Westinghouse was requested to analyze the affects of blowdown greater than 5 percent. Using the Loftran code and the reference four loop plant design, blowdowns up to 14 percent were analyzed. The results showed no significant effects on the safety analyses, i.e., no safety limits are violated.

QUESTIONS RELATED TO VALVE OPERABILITY Question 4 The EPRI Test Conditions Report (Ref. 5) stated that a method of demonstrating applicability of the inlet piping for verifying the safety valve stability is to compare the total pressure drop of the inlet piping for the plant safety valve with the total pressure drop of the inlet piping for the EPRI test valve.

The total inlet piping pressure drop is comprised of a frictional and acoustic wave component evaluated under steam conditions. Provide a discussion of the applicability of the test inlet piping for demonstrating the safety valve stability in McGuire 1 and 2.

Response

The McGuire safety valve inlet piping is shorter in length than the corresponding 6M6 loop seal pipe used by EPRI. Analysis of the total inlet pressure drop (frictional and acoustic wave) using the EPRI developed method (Guide For Application Of Valve Test Program Results, Rev. 2) demonstrates that the total McGuire drop is less than the corresponding EPRI test pipe. The McGuire safety valve should operate with greater stability than the EPRI test valve.

The above pressure drop analysis is for steam performance but is also applic-able to the McGuire valves with loop seals. The valve opening " pop" and resulting pressure drop occurs at the end of the water loop seal passage through the valve.

Comparison of the McGuire loop seal volume to the EPRI test also shows the McGuire volume to be less. Valve effects related to loop seal passage will therefore be of a shorter duration and have less affect on the valve and piping system.

Question 5 The Westinghouse inlet fluid conditions report (Ref. 1) stated that liquid flow could exist through the PORV for the FSAR feedline break event and the extended high pressure injection event. Liquid PORV flow is also predicted for the cold overpressurization event. These same flow conditions will also exist for the Block Valve. The EPRI/ Marshall Block Valve Report (Ref. 6) did not test the block valves with fluid media other than steam. The Westinghouse Gate Valve Closure Testing Program (Ref. 7) did include tests with water; however, the information presented in the report did not provide specific test results. Since it is conceivable that the electric motor operated valve (EMOV) could be expected to operate with liquid flows, discuss block valve operability with expected liquid flow conditions and provide specific test data.

Response

The PWR utilities stated their position on additional block valve testing in the July 24, 1981 letter from MR. R. C. Youngdahl to Mr. Harold Denton. That

letter stated that no further block valve testing (i.e., water tests) would be done beyond the full flow, full pressure steam testing performed at Marshall Steam Station. The reasons given included: 1) small break LOCA analyses have been performed for each plant and isolation of a stuck open relief is not required for safe shutdown. Block valve operability is therefore not a safety

~ issue, 2) the probability of a stuck open relief valve is low, 3) results of the Marshall tests have provided sufficient information to address valve operability.

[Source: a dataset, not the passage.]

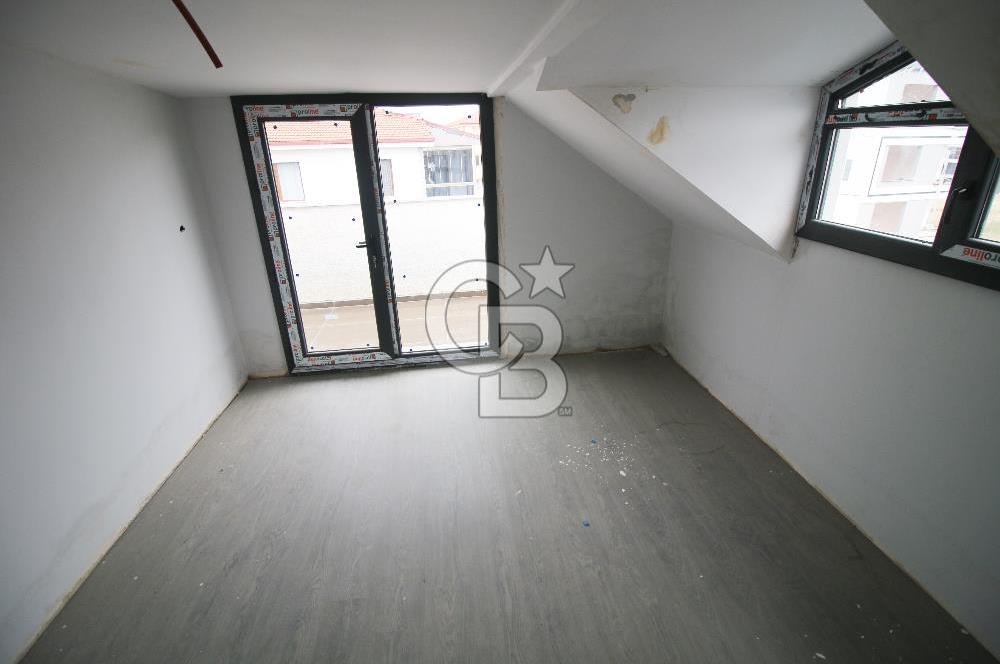 CB OPİA'DAN YSS'YE YAKIN, OKULLAR BÖLGESİNDE GENİŞ 5+1 DUBLEKS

As shown in the original submittal, the McGuire PORV block valve has undergone substantial full scale testing first by Duke and then as part of the EPRI program. The submittal described significant design changes made to increase valve closing force and reduce internal friction. All of the above testing performed after the modification was successful.

In comparing valve operability on water versus steam, the two main factors in determining required thrust are the friction factor and the differential pressure (DP) across the valve disc. No specific data is available comparing 1 water to steam friction factors. However, published data (based on proprietary information) from operator and valve manufacturers always uses a lower factor for water than is used for steam.

Considering differential pressure, water would present no higher DP than the steam test pressures. Block valve closure is a relatively slow motion, 6-10 secs, that causes no water hammer effects. Maximum valve thrust requirements occur close to the full close position where flow is minimal and DP is highest.

This indicates that flow rate is not a consideration. The conclusion that flow rate is not a factor is also supported by the Westinghouse Gate Valve Closure Test Report.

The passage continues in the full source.